Why Would Someone Deny An Affair?

*" I sometimes hear from people who can’t understand why their spouse would insist on denying an affair that has already been found out. The faithful spouse will often see this as a blatant lie or a fragrant lack of respect. And, they just don’t understand what their spouse might hope to gain by looking like a liar by continuing to deny it."*

Wat do you all think? Do you agree with her reasoning? Her proposed solution?


----------



## thatbpguy (Dec 24, 2012)

Part of betraying is being a liar. So it follows the liar will continue to lie to some extent.


----------



## See_Listen_Love (Jun 28, 2012)

Lying about it is a kind of 'solution'. It prevents further confrontation and having to give explanations. If prevents feeling more pain and shame.


----------



## Horizon (Apr 4, 2013)

It is an exercise in power - perverted power at all costs.


----------



## Robsia (Mar 11, 2013)

I read the article. She does not have proof of an affair.

Is an affair taking place? Undoubtedly.

But, as we all know, they will only admit what you can prove. So of course he's going to lie about it, as she can't actually prove he's having an affair.

Also, she needs to look up what the word 'fragrant' means.


----------



## MattMatt (May 19, 2012)

They can't believe what they did. So they lie to you and also to themselves.
_Posted via Mobile Device_


----------



## workindad (May 7, 2011)

Lies are probably told for several reasons. The lie protects the "special secret" the affair represents. It also enables the wayward spouse an attempt to save face 

Lying also prevents the wayward from having to take full responsibility for their actions 

I'm sure there are more reasons as well. But most would have to do with self preservation being valued higher than integrity
_Posted via Mobile Device_


----------



## Thorburn (Nov 23, 2011)

As I played the VAR to my wife she stood there, laughed and said that it was "only music". I said, 'No, that is you moaning having sex". The evidence was right there. No wiggle room. She kept it up for about an hour, saying things like, "Do, I need to commit you, do I need to take you to a hospital?" It took many weeks for her to finally confess to me. 

Getting caught red handed is perhaps the best scenerio in being able to twart the deluded thinking of a WS. In my case my wife had no plans if caught.
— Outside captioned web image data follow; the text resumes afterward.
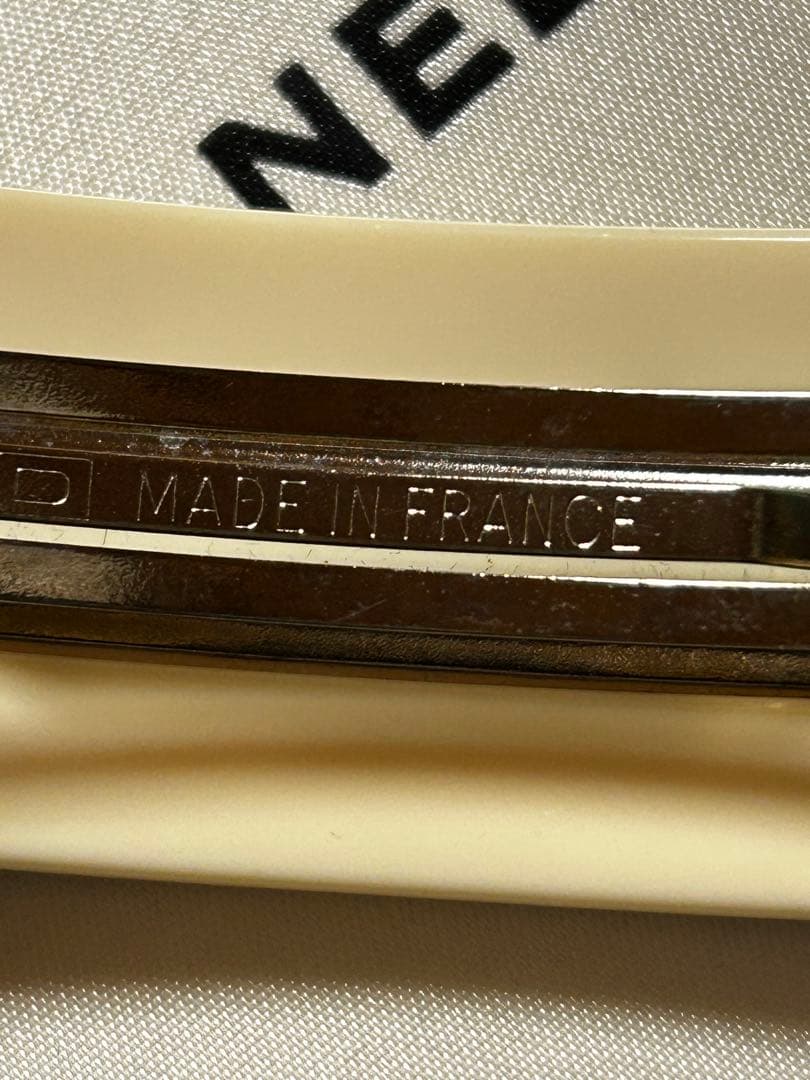 シャネル ロゴ バレッタ 髪留め ヘアアクセ 99P A12072 白黒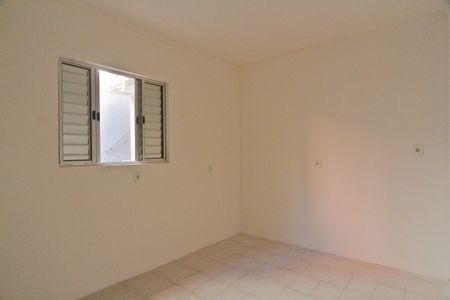 Quarto 1 de casa para alugar com 2 quartos, 70m² em Vila Zat, São Paulo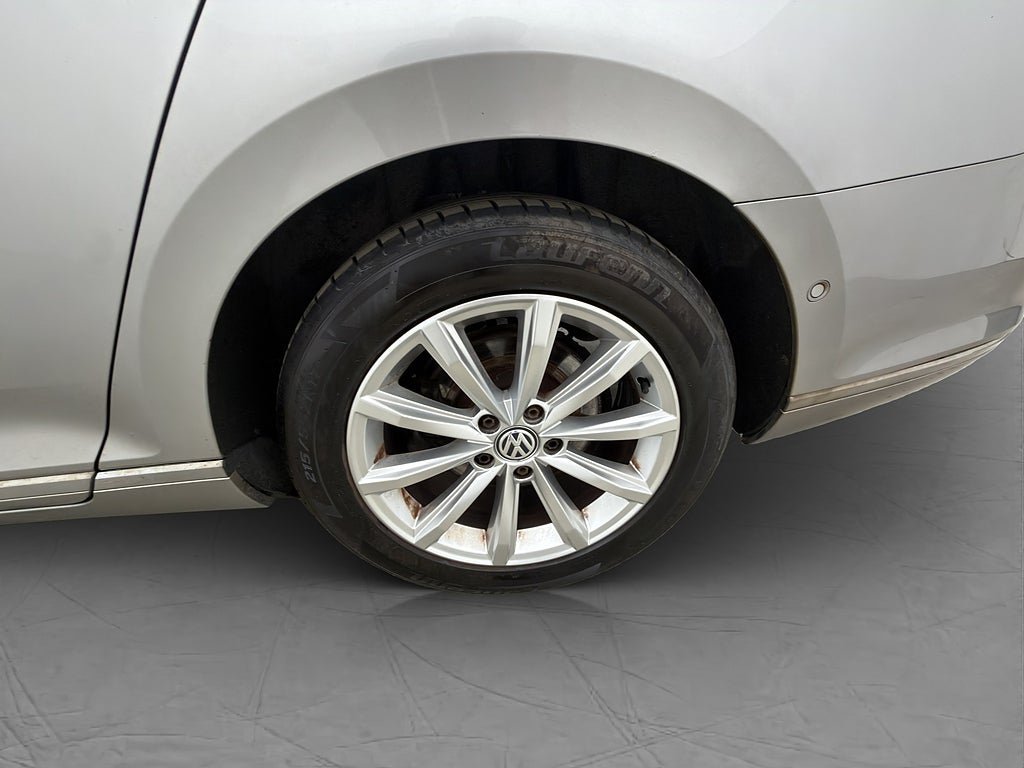 Vehicle Image 31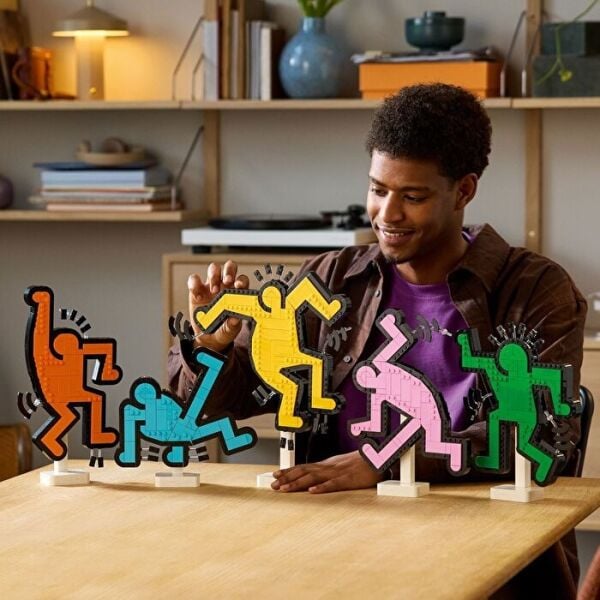 LEGO İCONS KEİTH HARİNG DANS EDEN FİGÜR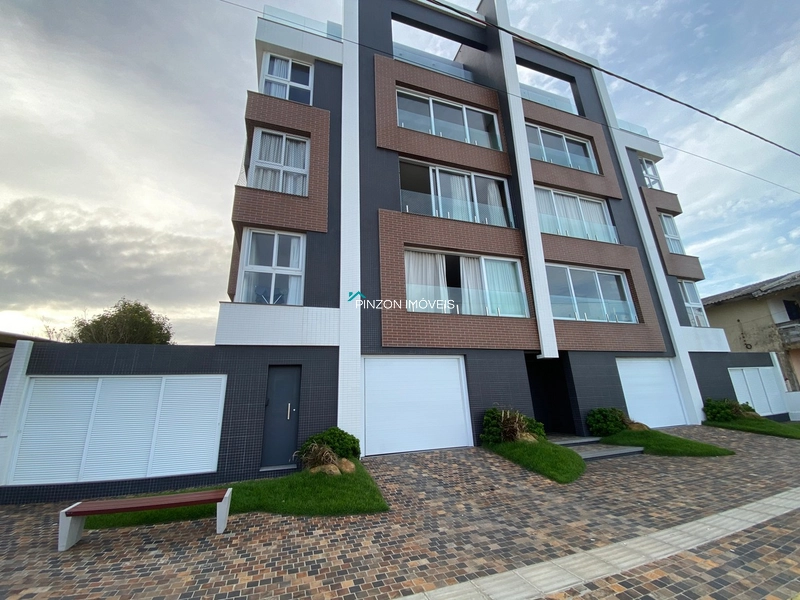 APARTAMENTO COM VISTA PARA O MAR: 1ª foto da galeria de imagens do imóvel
The XOM made it clear he was not leaving his family, that is why after D-day she started looking for other men and even went out on a date with a theologian that I went to school with back in the 80's. 

Lying in my wife's case was simply self preservation and defensive. She also did not want to admit to herself what a horrible person she was. It took a lot of effort on her part to break through that barrier of her own self image. She had a very difficult time of facing herself and just how wicked she was. Of course she had convinced some of her family members and friends that I was the horrible person and she was the abused woman. Once she faced that, she was able to confess and repent.


----------



## mablenc (Feb 26, 2013)

I think the article is a bit off at the end, some people will lie or deny forever and I mean forever. They will trickle truth and admit only what cannot be justified. There's are also more reasons to deny such as the fear of loss of respect, or fear of consequences, or simply because they are selfish and know that of they tell you the whole truth it's a deal breaker.
_Posted via Mobile Device_


----------



## 2yearsago (Jun 28, 2013)

Because they don't want to look in the mirror and admit that they are the kind of person that would have an affair. Most take no responsibility for their actions. They place blame on their spouse, their sucky life, etc. Everywhere but on themselves.


----------



## Truthseeker1 (Jul 17, 2013)

2yearsago said:


> Because they don't want to look in the mirror and admit that they are the kind of person that would have an affair. Most take no responsibility for their actions. They place blame on their spouse, their sucky life, etc. Everywhere but on themselves.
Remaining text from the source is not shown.